A extrema-direita ressurgiu com força superior às experiências históricas de Plínio Salgado e seus integralistas e de Carlos Lacerda e sua UDN. Lula e o PT reafirmaram a resiliência de sua trajetória na apertada vitória de 2022. O centro democrático vem experimentando grave esvaziamento desde 2018. Amplos setores partidários mergulham num ativo pragmatismo, pendulando entre as forças conjunturalmente hegemônicas e fazendo valer seu papel de fiéis da balança da governabilidade, dentro de um sistema eleitoral e partidário caótico, que dificulta a configuração de maiorias e minorias estáveis e sólidas.
A política brasileira precisa urgentemente enfrentar a agenda de interesse nacional. A revolução educacional é inadiável. O SUS precisa ser reforçado. O novo modelo de desenvolvimento econômico, inclusivo e sustentável, necessita ganhar concretude. As travas à geração de renda e emprego carecem ser removidas. A democracia e suas instituições precisam ser fortalecidas.
Urge uma tomada de posição de todos os líderes progressistas. No mundo contemporâneo, afastadas velhas travas ideológicas, é possível uma enorme convergência. Com os olhos no futuro e apostando no enorme potencial da renovação geracional em curso na política brasileira, creio que as lideranças do PSDB, CIDADANIA, PSB, PDT e SOLIDARIEDADE deveriam abrir conversações visando criar um novo polo democrático e progressista, que evolua progressivamente de um bloco político-parlamentar – com 54 deputados federais, 10 senadores, um vice-presidente da República e 7 governadores – para uma federação partidária, e daí, para uma possível futura fusão, gerando um partido renovado, que recicle as boas tradições do trabalhismo, da socialdemocracia e do socialismo democrático, superando anacronismos e projetando um Brasil que resgate a dignidade e a esperança dos brasileiros.
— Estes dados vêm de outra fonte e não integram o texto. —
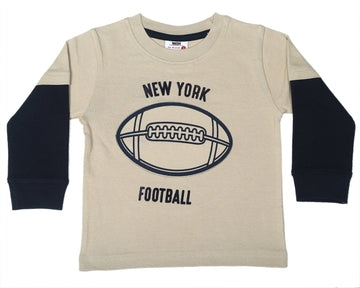 Mish - NY Football Long Sleeve Two-fer Shirt, Stone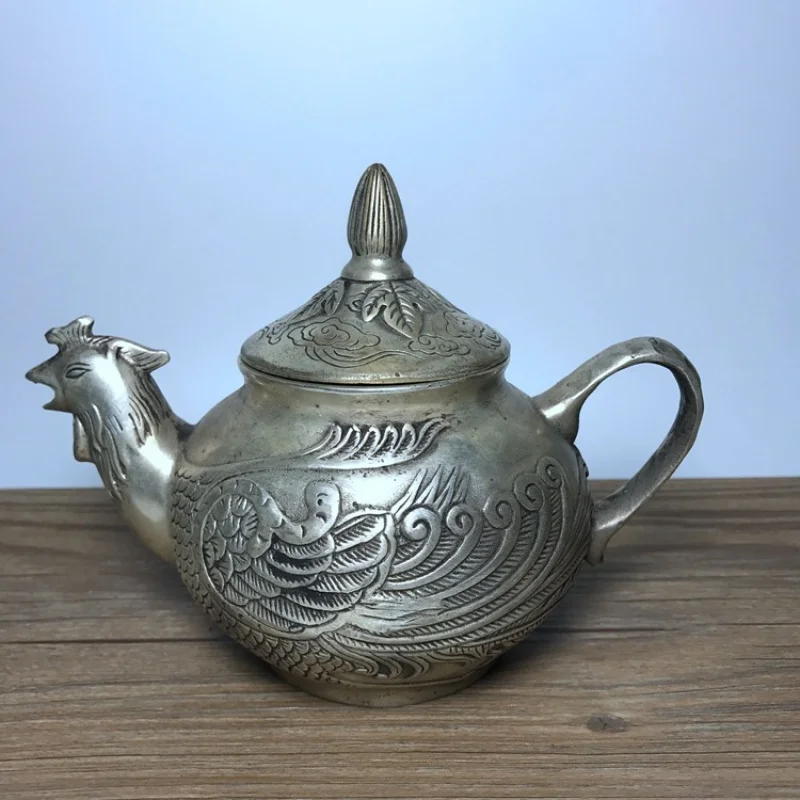 Antique pure , white copper, silver-plated miscellaneous antiques, water kettle, teapot, craft ornaments, collectible phoe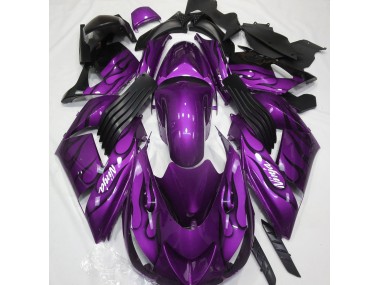 Outlet 2006-2011 Kawasaki ZX14R Motorcycle Fairings - Gloss Purple & Flame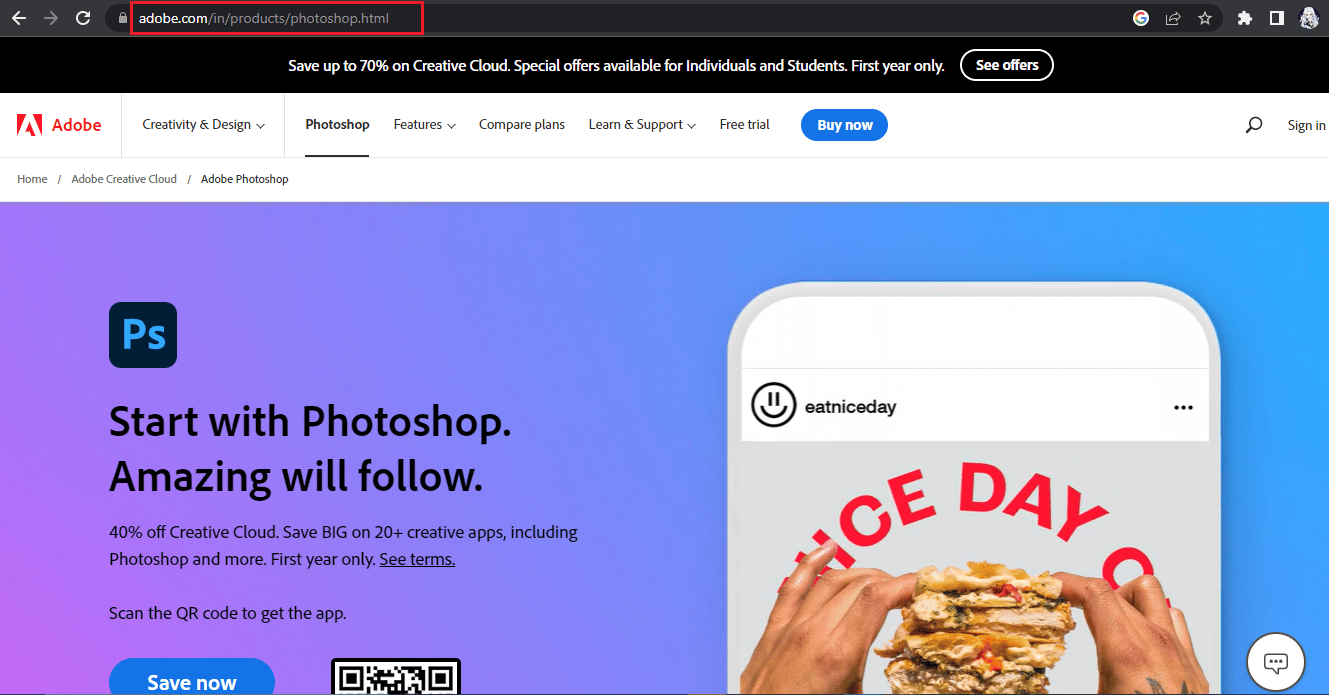 Adobe Photoshop home page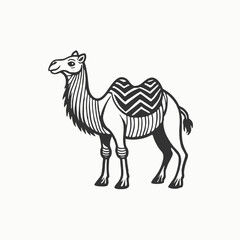 Camel. Hand drawn vector illustration. Can be used separately from your design. Cute Bactrian camel on a white background.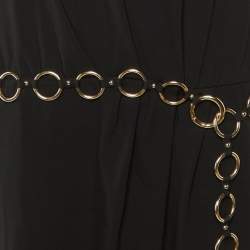 Pre Owned Moschino Cheap and Chic Black Crepe Chain Belt Dress M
A configuração desse novo polo socialdemocrata agregaria força política hoje dispersa e aumentaria a sua nitidez ideológica, em tempos de pragmatismo extremado e desconfiança da população em relação ao sistema político. O surgimento da nova Socialdemocracia qualificaria o diálogo com o governo e o PT, com os presidentes Rodrigo Pacheco e Arthur Lira, com a centro-direita organizada no bloco MDB, PSD, PODEMOS e REPUBLICANOS e a direita espelhada no bloco PP, União Brasil e PL.
O Brasil tem pressa. Oportunidades políticas podem sempre escapar entre os dedos. A reorganização da centro-esquerda, mais do que um desejo, é uma necessidade histórica e uma exigência da realidade. Isso se valores, ideias, objetivos estratégicos, princípios, história e coerência ainda fizerem sentido na política brasileira. Está em nossas mãos!